Poll: Voters love Labour's foreign buyer ban ...
But not enough to support it ...
But not enough to support it ...
Could it be the asset sales debate all over again? Labour won that one by a landslide according to polls, and a referendum on power company partial privatisation saw the public overwhelmingly back its view. But come Election 2015, it just wasn't a decisive factor.
Similarly, a new 3News-Reid Research poll asked, "Should government ban foreign buyers from buying houses?" and got this very Twyford-friendly response:
- Yes - 61%
- No - 35%
Even National voters replied:
- Yes - 54%
- No - 43%
Yet support for the ban pushed so enthusiastically by Labour recently (and also backed by the Greens and NZ First) has not translated to broader support for the party.
The poll found didn't find any movement outside the margin of error. Its standings:
- National: 47% (+0.6)
- Labour: 31.1% (+0.7)
- Greens: 11.4% (+ 0.3%)
NZ First also nudged up, to 8.4%. Some of the minor upward movements could be other parties taking on support from the imploding Conservatives (0.7%), but really it's just a blip.
The only move close to statistically significant was in last week's (otherwise static) One News-Colmar Brunton poll, which saw the Greens jump three points to 13% — hinting that Labour's dogwhistling over Chinese-sounding buyers could be alienating some liberals (and one John Campbell as he appeared on NBR's Weekend Rumble).

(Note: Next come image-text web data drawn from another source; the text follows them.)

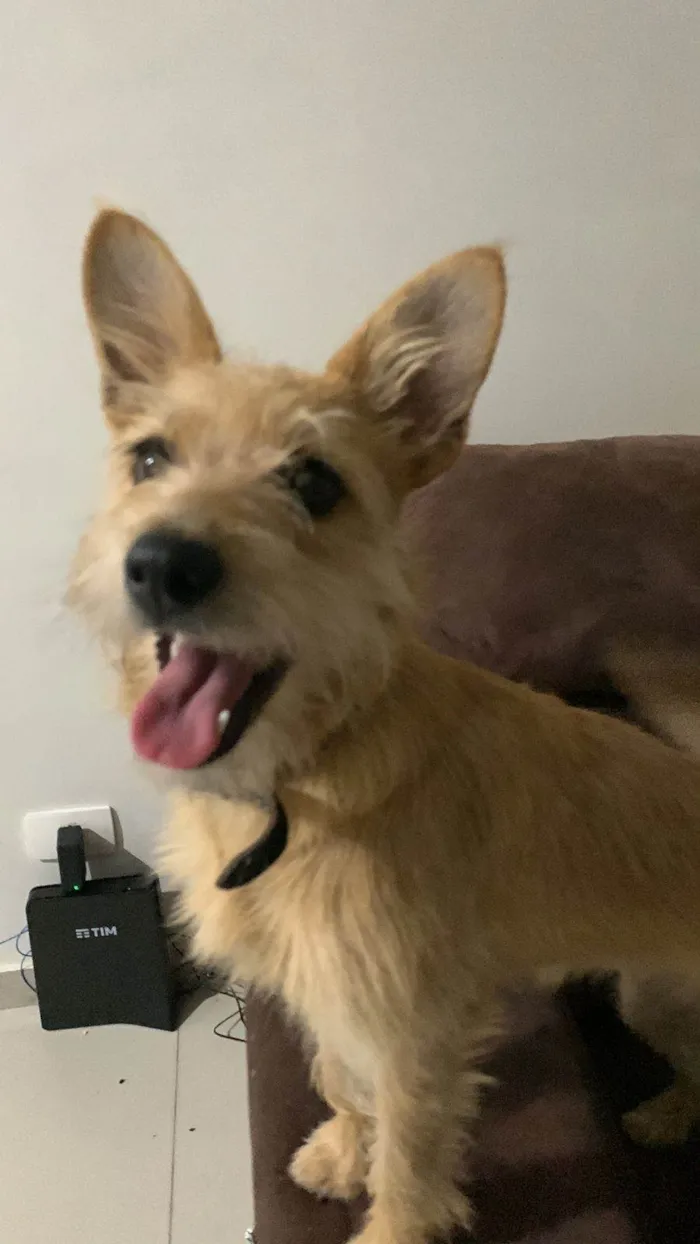 Cachorro ra a SRD-ViraLata idade 7 a 11 meses nome Luna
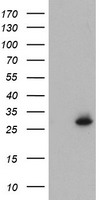 NIF3L1 Antibody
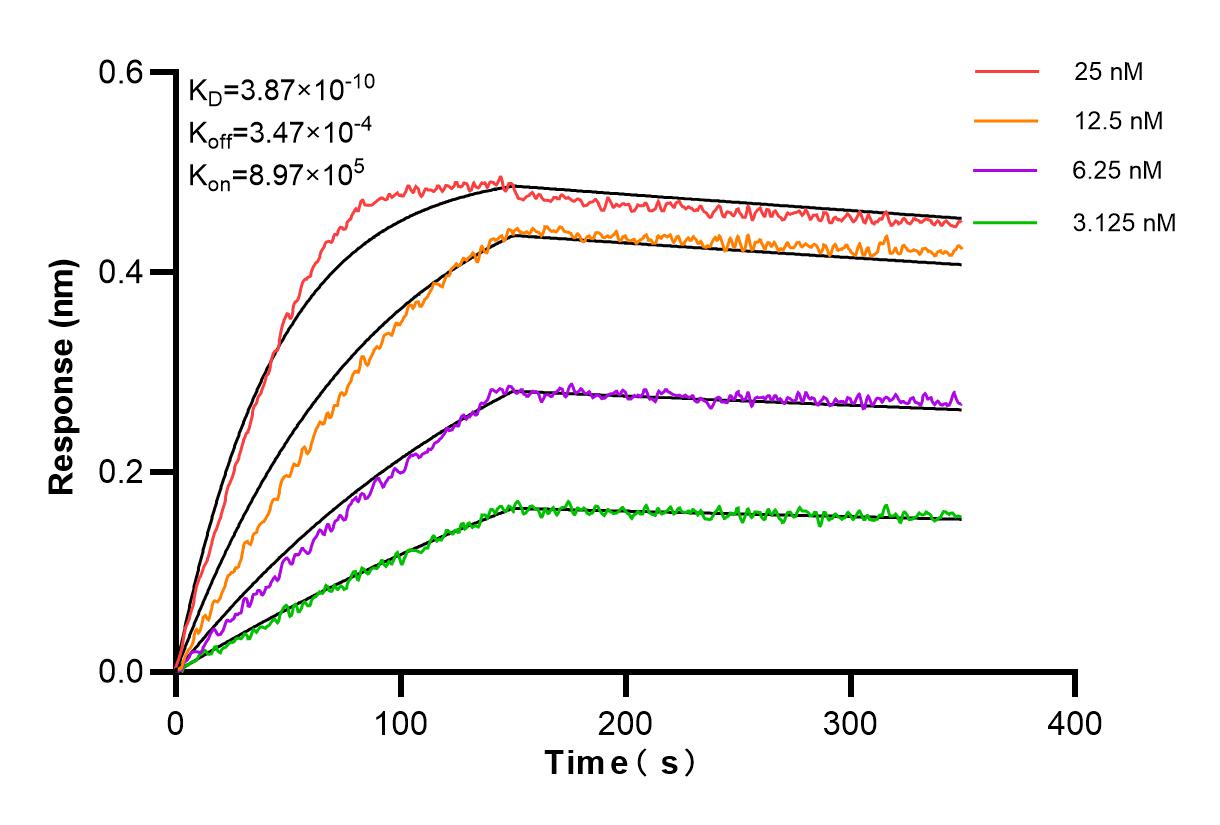 CD25/IL-2RA antibody (98469-1-RR) | Proteintech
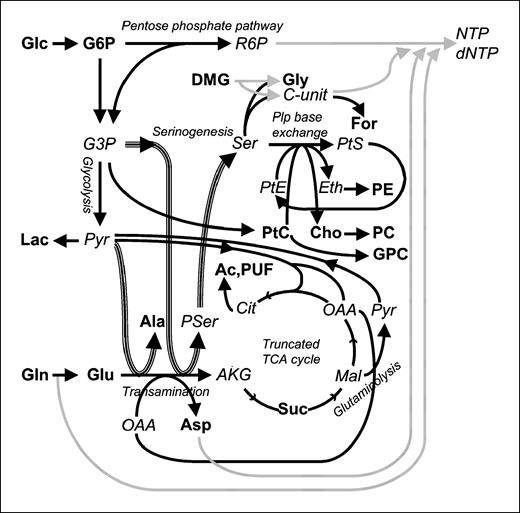 Figure 5. Tumor metabolism. Only metabolic pathways with the most convincing evidence of involvement in B16 melanoma and 3LL carcinoma tumors are represented. Bold abbreviations, observed metabolites; italic abbreviations, not observed by 1H NMR spectroscopy. G6P, glucose-6-phosphate; R6P, ribose-6-phosphate; C-unit, one-carbon unit; G3P, glycerol-3-phosphate; Ser, serine; PtS, phosphatidylserine; PtE, phosphatidylethanolamine; Eth, ethanolamine; Pyr, pyruvate; Pser, phosphoserine; Cit, citrate; OAA, oxaloacetate; AKG, α-ketoglutarate; Mal, malate; Plp, phospholipid. Important pathways are spelled out: glycolysis, pentose phosphate pathway, serinogenesis, phospholipid base exchange, transamination, glutaminolysis, and truncated TCA cycle. Gray lines, pathways inhibited during the treated tumor growth inhibition phase; bold lines, pathways activated during the treated tumor growth inhibition phase.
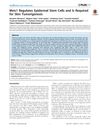 Meis1 Regulates Epidermal Stem Cells and Is Required for Skin Tumorigenesis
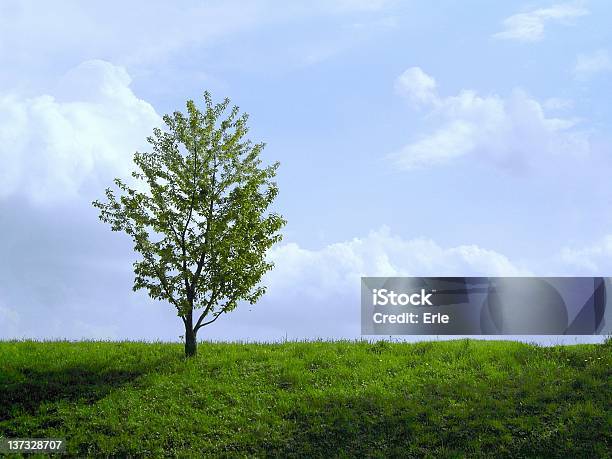 Lonely Tree Foto de stock y más banco de imágenes de Aire libre - Aire libre, Azul, Blanco - Color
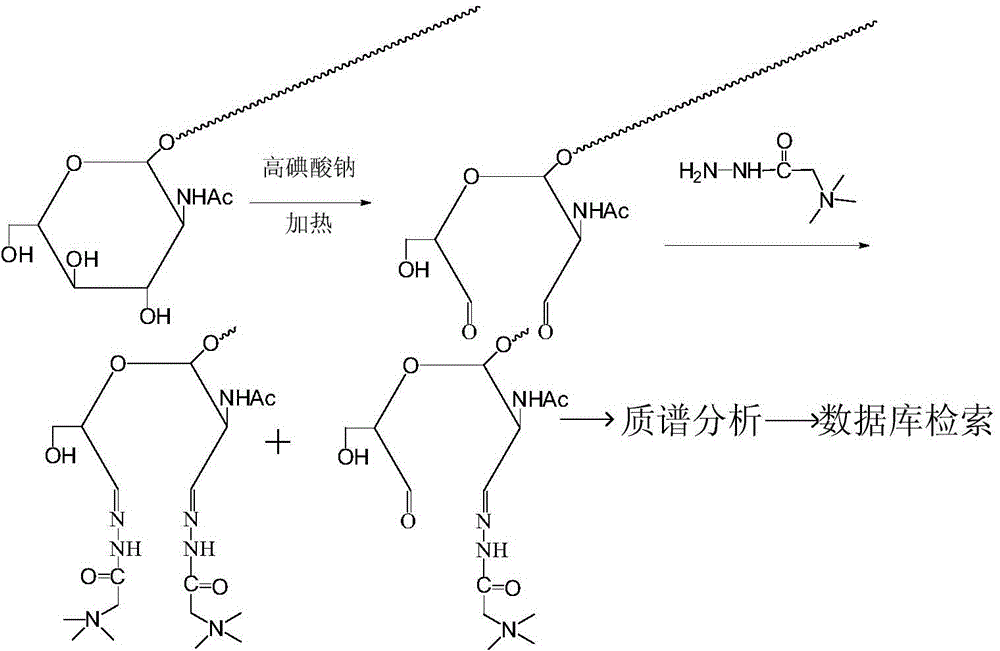 Mass-spectrum-based analysis method of oxygen-connected N-acetyl-glucosamine-modified sugar protein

The 3News poll also found things static on the preferred PM front:
- John Key - 38.3% (down 1.1)
- Winston Peters - 11.3% (up 0.1)
- Andrew Little - 10.2% (down 1.4)
For Labour, it's a disappointing result, and more so because the poll was taken before John Key moved to defuse the foreign buyer controversy today with a new points-for-moving-to-the-regions policy.
Andrew Little must be wondering what it will take to get cut-through.
Australia already has a foreign buyer ban. The move has failed to cool the Sydney market. New fines are on the way, but the question is whether any foreign buyer ban can be enforced on a day-to-day level in a world of friends, family and shelf companies — and a reality gap between Kiwis' love of borrowing money offshore and antipathy for allowing foreign money in. Fixing supply might not be so much a complement to a foreign buyer ban as the only practical solution.